Oregon Groups Say Modest Sentencing Reforms Have Cut Prison Population Growth
A coalition including district attorneys, sheriffs, and justice reform groups is asking the legislature to triple funding for the Justice Reinvestment grant program. The program funds services like parole, drug treatment, transitional housing, and mental health.
The state gave out $17 million in justice reinvestment grants to county law enforcement in 2013 and 2014. The groups are asking the legislature to invest $58.9 million in the upcoming biennium.
They say it is money the state will save if it can keep the incarcerated population from growing, and avoid the cost of opening a new prison wing.
In the last year, Oregon’s prison population stopped growing and dropped ever so slightly, from about 14,700 people to about 14,600 people.

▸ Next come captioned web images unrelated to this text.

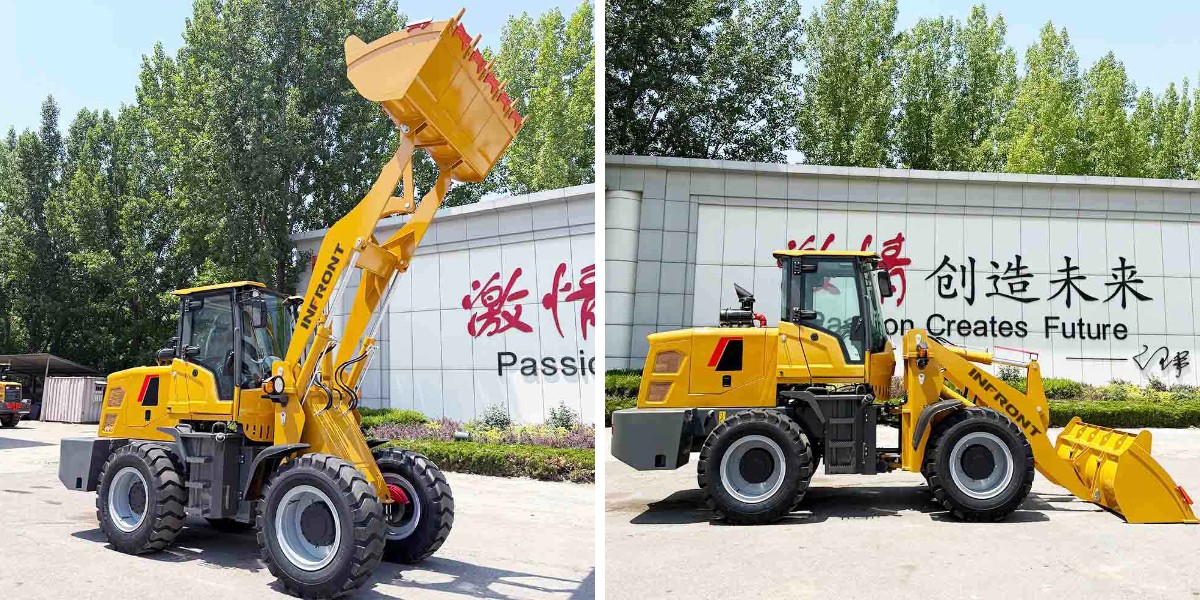 Chargeur frontal à vendre Chargeur frontal à vendre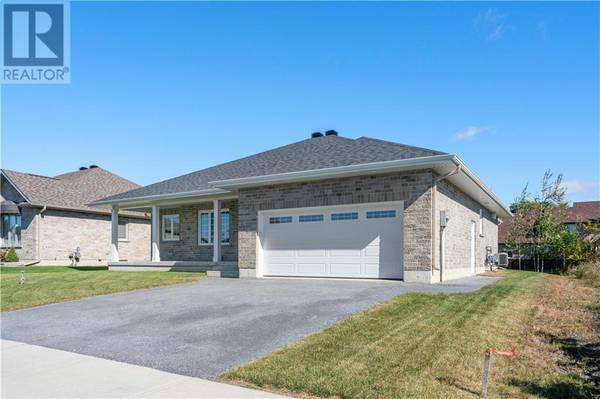 1233 WESBURKE AVENUE, Cornwall, ON K6J5V3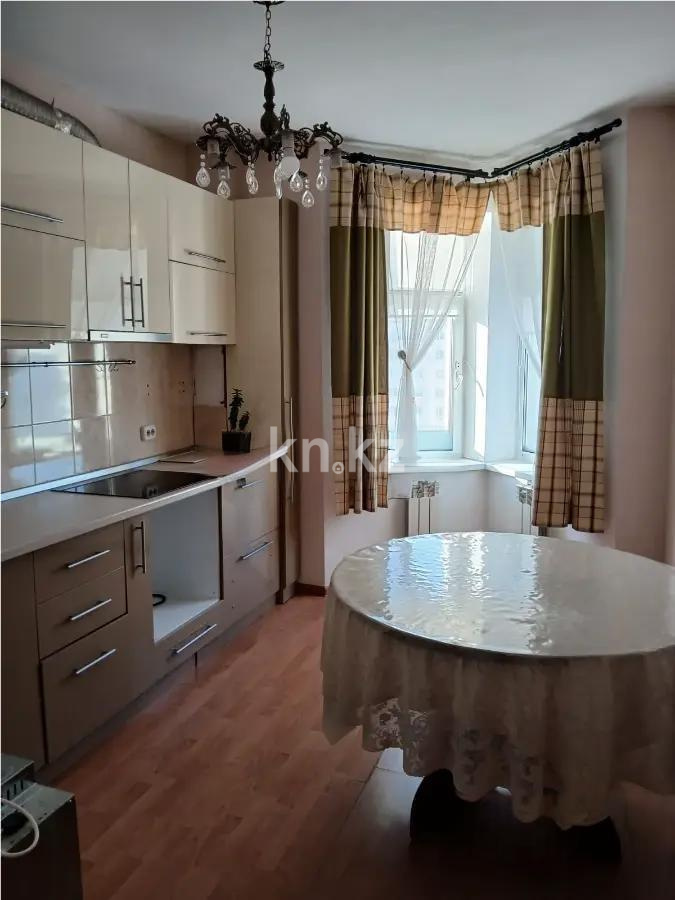 Продажа 2-комнатной квартиры, 58.8 м², ул. Жургенова, дом  26 блок 3 - Продажа квартир в Казахстане фото 4 из 7
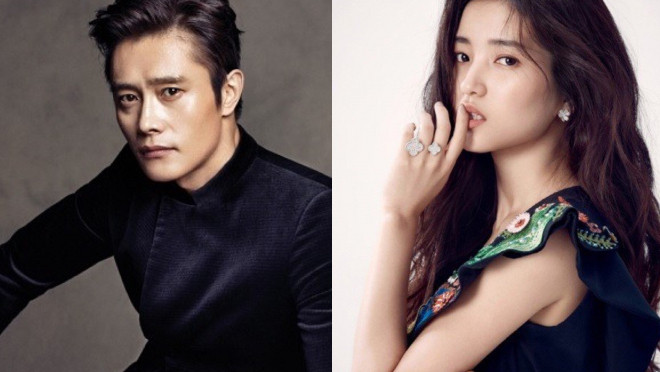 Ngôi sao phim 19+ thành đôi với Lee Byung Hun trong phim mới của biên kịch 'Hậu duệ mặt trời'! Ảnh 2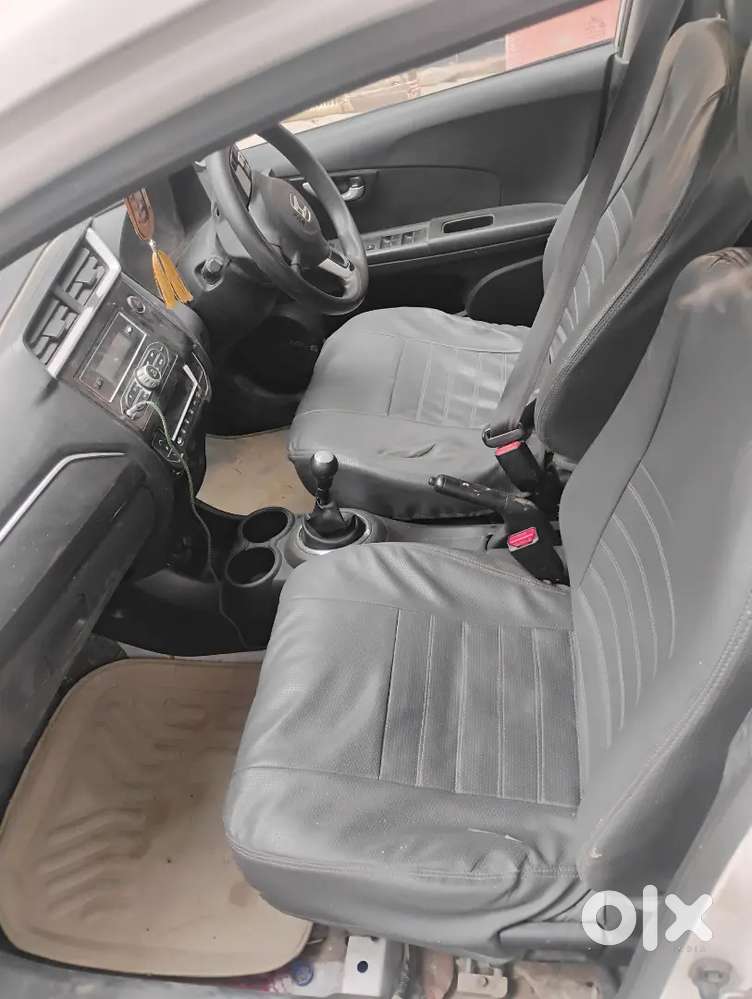 Honda Br-v 2019 Petrol Good Condition And Cng + Petrol Hai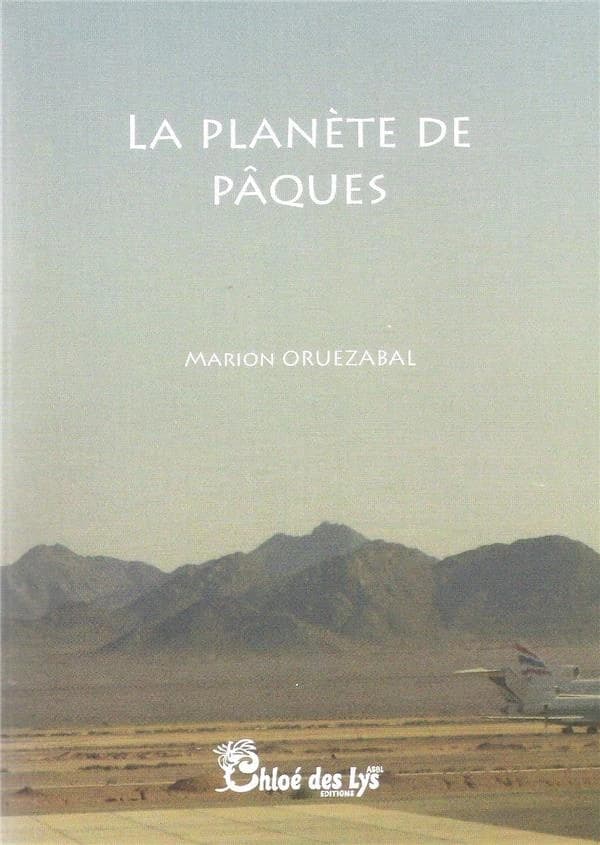 La planète de Pâques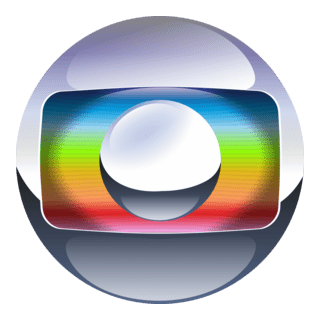 TV Globo Logo PNG Vector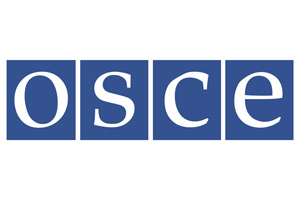 Organization of Security and Cooperation in Europe (OSCE)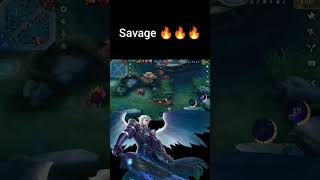 Alucard 1 hit build be like Alucard gameplay mobilelegends [upl. by Buffo]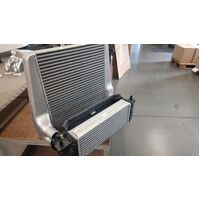 PROCESS WEST Next Gen Ranger Raptor Stage 2 intercooler PWRRIC02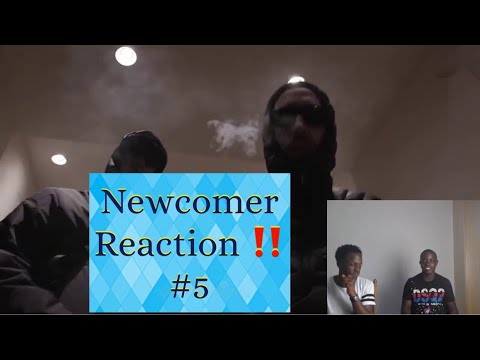 (Newcomer Reaction #5🇩🇪)💥TABIB💥GIDEON TRUMPET & YIN KALLE💥OUZZI💥SAHA SAHA💥JONNY5 & PISLIK88💥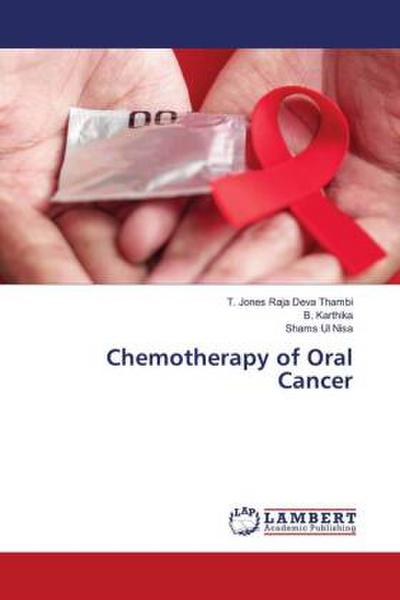 Chemotherapy of Oral Cancer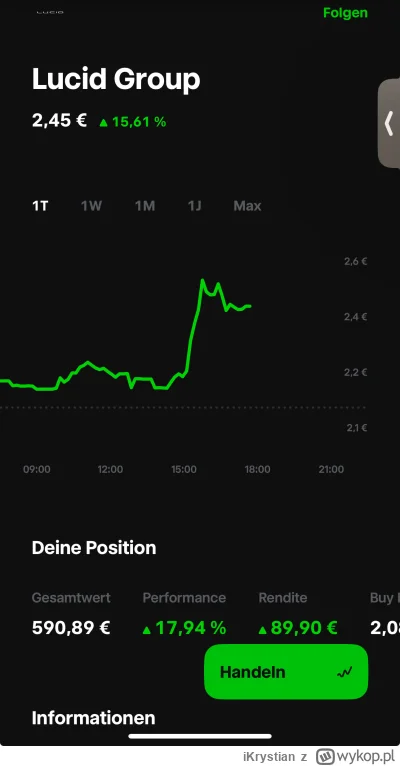 iKrystian - @MyTearsAreBecomingASea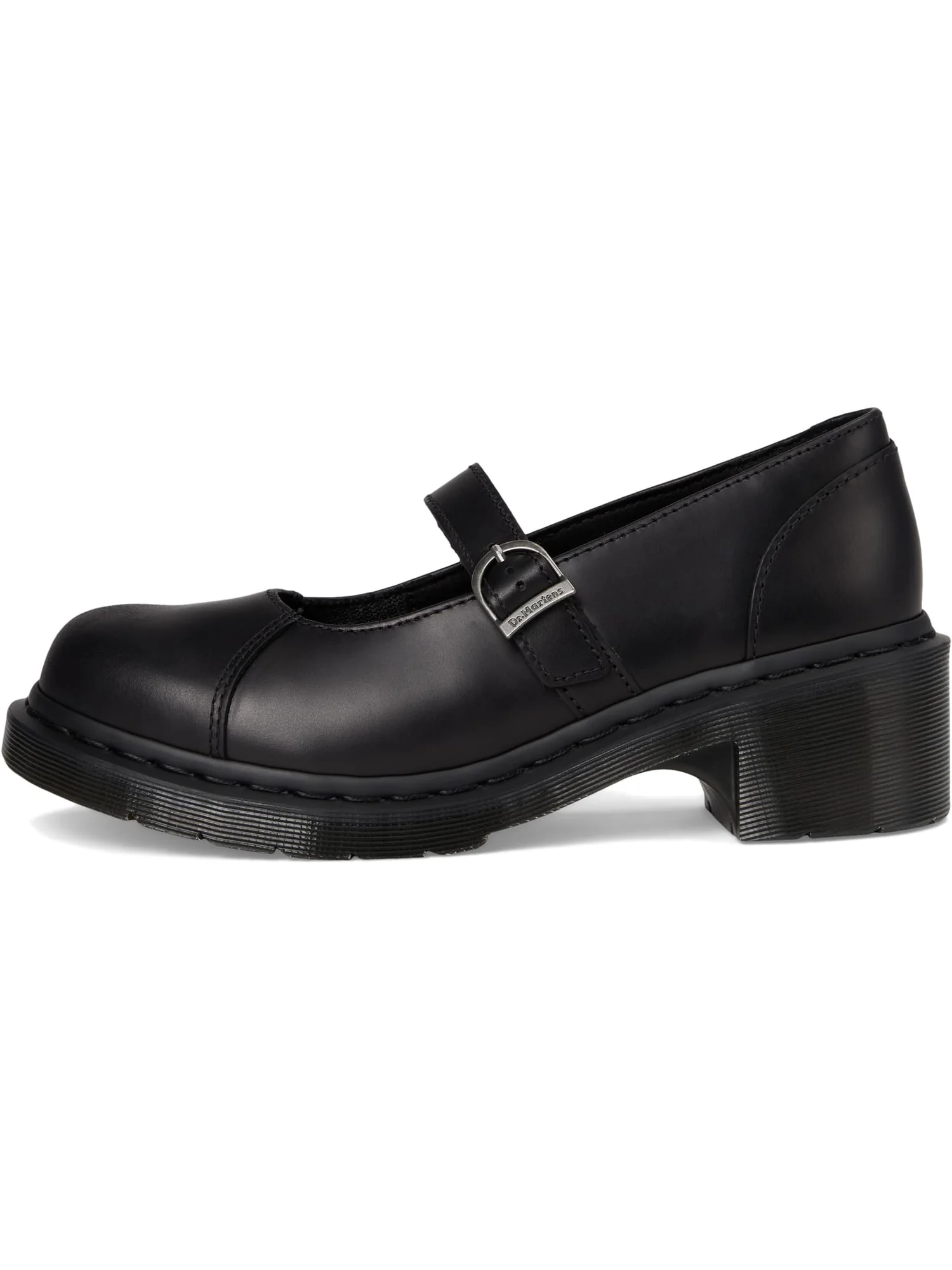 Балетки Dr. Martens Women's Alderstone Mary Jane — 4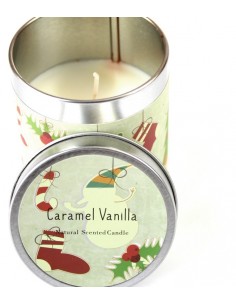 Candela profumata al...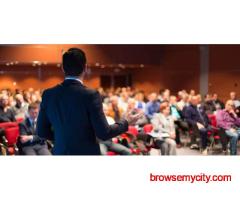 Find The Corporate Event Planner Services near Me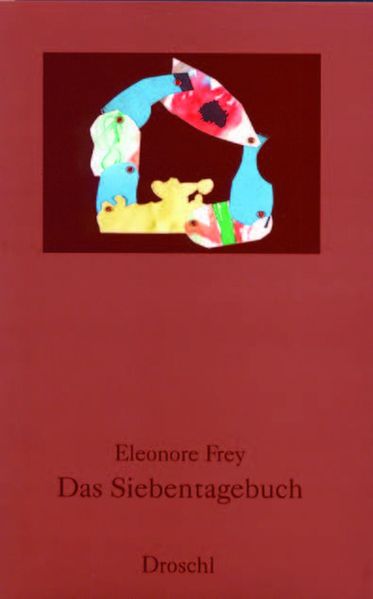 Cover von Das Siebentagebuch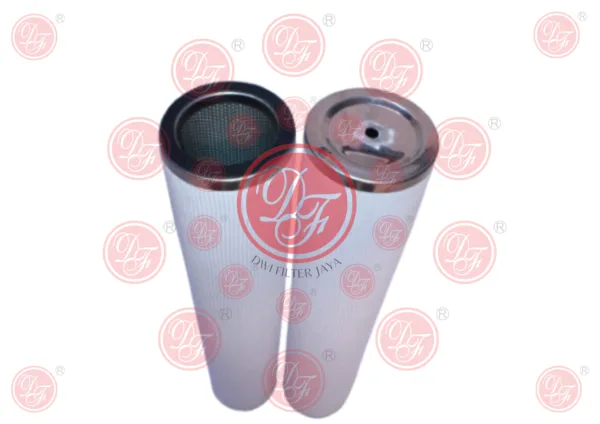 V Bank Hepa Filter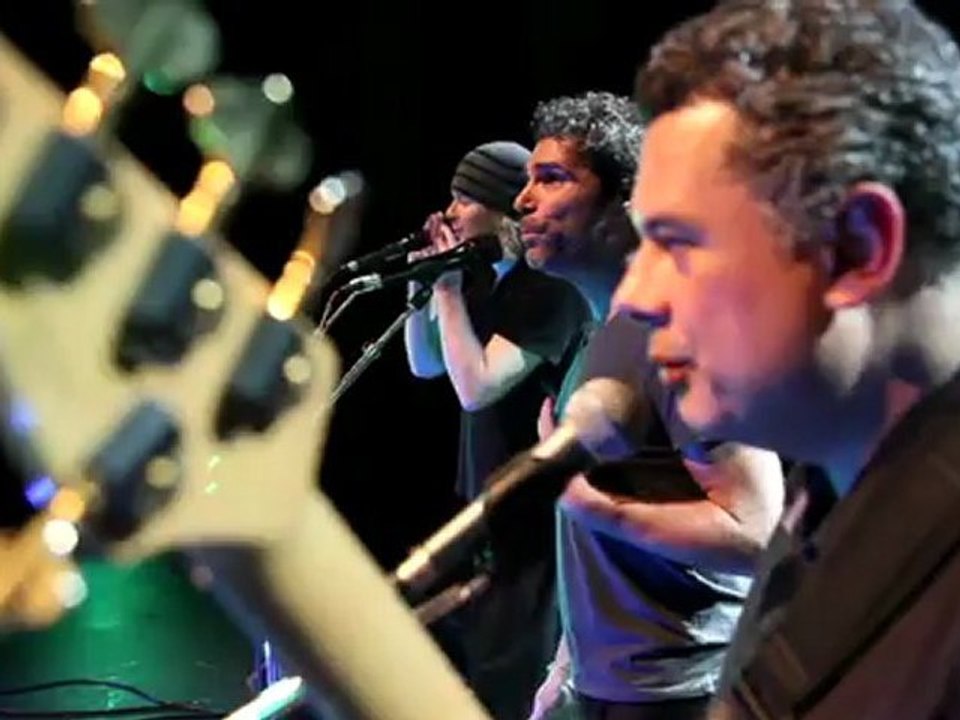 DIdier Sustrac : WOAM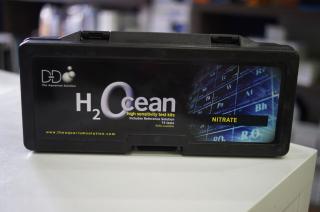 H2Ocean NO3 Test (75 pomiarów)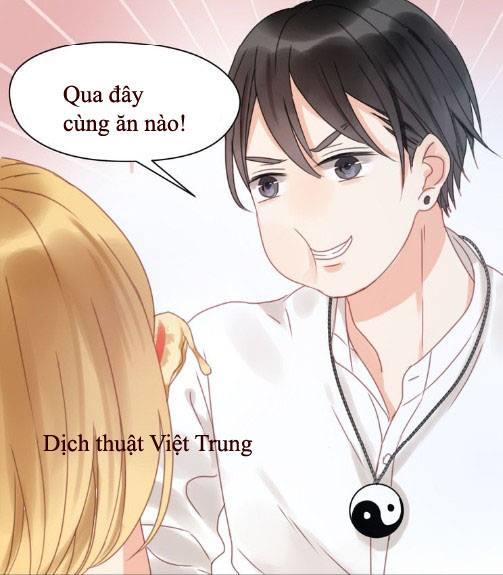 lượm được một tiểu hồ ly: Chapter 6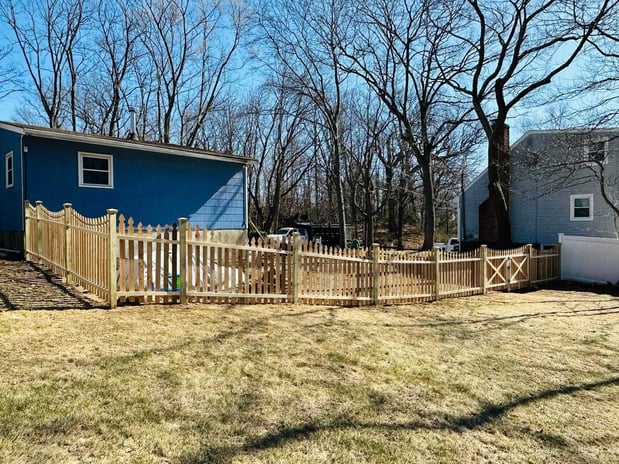 Images Serrano Fence & Son, Inc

New prison admissions also dropped by about 3 percent, according to Mike Schmidt, Executive Director of Oregon’s Criminal Justice Commission.
“That’s 188 less people that walked through the prison doors," he says.
Schmidt says there wasn't a big drop in the number of convictions between 2013 and 2014. He believes reforms that began in 2013 have had a modest effect on the length of sentences and the number of prison admissions.
First, a law that passed in 2013 allows some inmates to leave prison three months early if they can show they have a plan for transiting back into the community.
Second, Multnomah County reports it is sending about 20 fewer people to state prison each month. The county is diverting more people into a parole program that includes drug treatment and mental health services.
It says that program has saved the state about $5 million dollars so far.